To address this question, we performed whole exome sequencing in 14 SJIA patients with MAS and their parents, in search of rare sequence variants that might alter proteins in ways that affect the cytolytic pathway. We were able to identify a large number of interesting rare variants with the potential to affect various parts of this pathway.10
First, 5 of 14 patients (35.7%) had heterozygous protein-altering variants in the known genes associated with HLH. Two patients had the same splice-site variant in the STXBP2 gene that was observed previously in adult-onset FHLH,10 suggesting a role for this variant in the development of MAS. In addition, one patient had a protein-altering variant of unknown significance in MUNC13-4 and another patient had a protein altering variant in LYST. Altogether we found 9 variants in 14 patients with MAS, many of them with relevant effects, as opposed to only 4 variants of unknown significance in 4 of 29 (13.7%) SJIA patients who had no history of MAS.

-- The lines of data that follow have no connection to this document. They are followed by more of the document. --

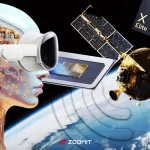 مهم‌ترین اتفاقات دنیای فناوری و علمی در سال ۲۰۲۳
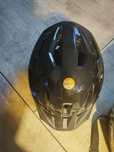 Sprzedam kask rowerowy
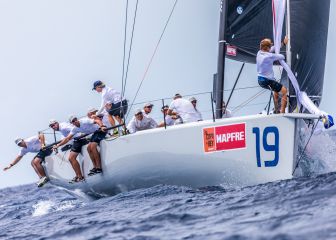 El anhelo por recuperar el trono de la Copa del Rey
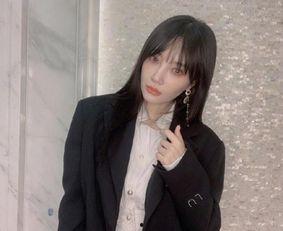 网红明星网店名字,潮流风向标，时尚生活新体验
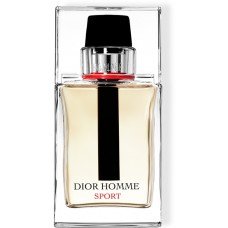 Dior Homme Sport 2017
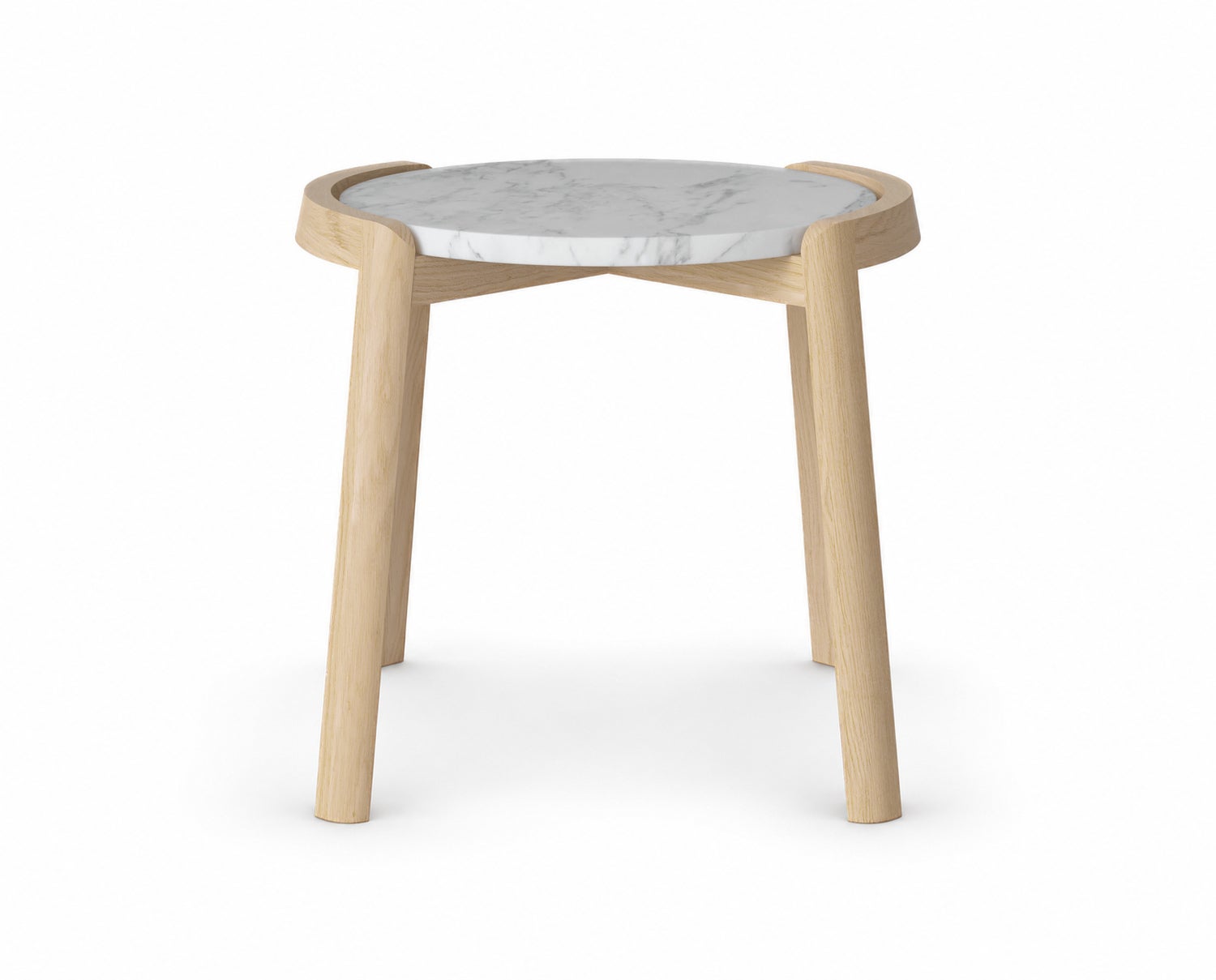 Bolia-Mix-Gravit-marmor-Vitpigmenterad-ek-03-097-01_00023-1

Our analysis identified a large number of genes, encoding proteins important for intracellular vesicle transport.10 The functional significance of the variants in these “new candidate genes” need to be explored further. We are now studying the effects of these variants on the cytolytic function of NK cells to establish how they are pathogenic and contribute to the development of MAS and FHLH.
The “enrichment” for heterozygous variants in the genes implicated in hereditary hemophagocytic syndromes in our cohort of SJIA/MAS patients reinforces the concept that, in addition to striking clinical similarities, there is some pathophysiologic and genetic overlap between FHLH and MAS in SJIA.10
The study also suggests that the presence of such variants identifies SJIA/SLE patients at higher risk for MAS. Such patients may need closer monitoring so that MAS is diagnosed at its early stages, before it becomes life-threatening.